小学校低学年の頃。多分1年生か2年生だったのだと思います。
予防接種の注射で順番を待っていました。痛いと泣き出す子。痛さをこらえている子。
どちらにしても何だか痛そう。
怖そう。
いよいよ自分の番が回って来ました。私は、しっかりと針が自分の腕に刺さるのをみとどけました。
チクッ!
ほんの1秒くらい。
何だこれくらい?
幼い私はこんなことをふと思っていました。
人は必ず死ぬ。
順番を待っている間は怖いけど、その時はほんのひとまたぎ。注射の針が刺さるくらいなものではないかしら…と。
変な子でした。
こんな小さな時から死を考えていた瞬間があったんですから…。
今年は忘れられない年になりそうです。
苦しみや悲しみの最中にいる時、心はとてもデリケートになっています。
人の優しさが胸に沁みます。
反対にグサッと刃物のように突き刺さることもあります。
一番身近にいてくれる長いお付き合いのE.Oさんは昨年お母様を亡くされました。長い闘病生活でしたが、私と違って足繁く通って親孝行した方でした。
優しさ溢れるメールをくださいました。
同じくらい親しくお付き合いさせていただいているM・Kさんは私をたくさん笑わせてくださいました。
違った愛のカタチ。
皆さんの暖かさと優しさに包まれていた一年でした。
母は結婚してから外泊をしたことがありませんでした。
家出はしたことがあります。
30分ほどでしたが…。
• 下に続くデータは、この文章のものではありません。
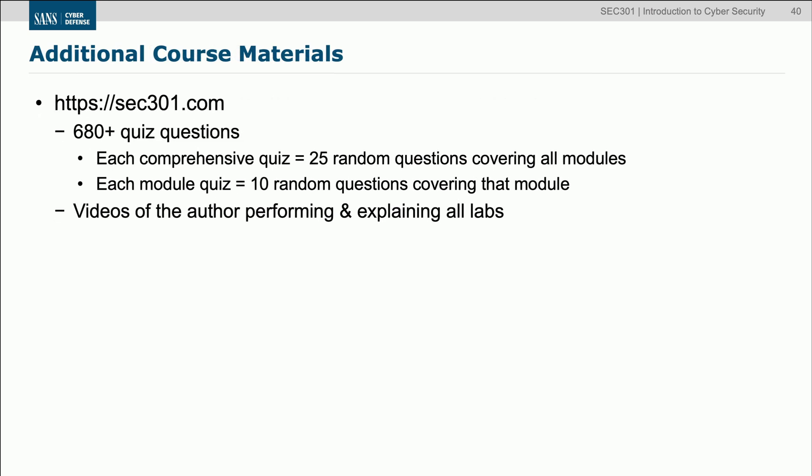Through all of this, you're also going to be given access to additional materials. For example, the sec301.com website, for which you'll receive a password once you come to class. It has over 680 quiz questions. You can get 25 random questions comprehensive from the entire course, or you can take 10 random questions from each module. You can take these quizzes as many times as you like. There are also videos of me performing and explaining all 14 of the labs on the sec301.com website, as well as some other helpful material.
(笑)
やりたいことはたくさんあったけれど、パパがやらせてくれない…といつも嘆き、父の顔色を見て生活していました。
子どもの頃から私の一番嫌いな時間は一家団らんの食事。何で父はいつも不機嫌だったのでしょう。
父がいない時の夕食は伸び伸びと楽しかったこと。(笑)
大正生まれのオトコはこんなだったのかもしれません。愛情はあるけれど不器用。
でも、機嫌のいい時は、とっても可愛かった。(笑)
そんな父も12年前に亡くなりました。
父の闘病中、母が呟いたことがあります。
「私ね、パパの世話をしているのが生き甲斐になっているの。パパがいなくなったら空っぽになっちゃう…」と。
え〜っ!
あんなにワンマンでヤキモチ焼きで、他人の前で蹴ったこともあったのに?
分からないものです。
母と最後の3日間を過ごしたとき、浅い呼吸の母を見つめながらこう自問自答していました。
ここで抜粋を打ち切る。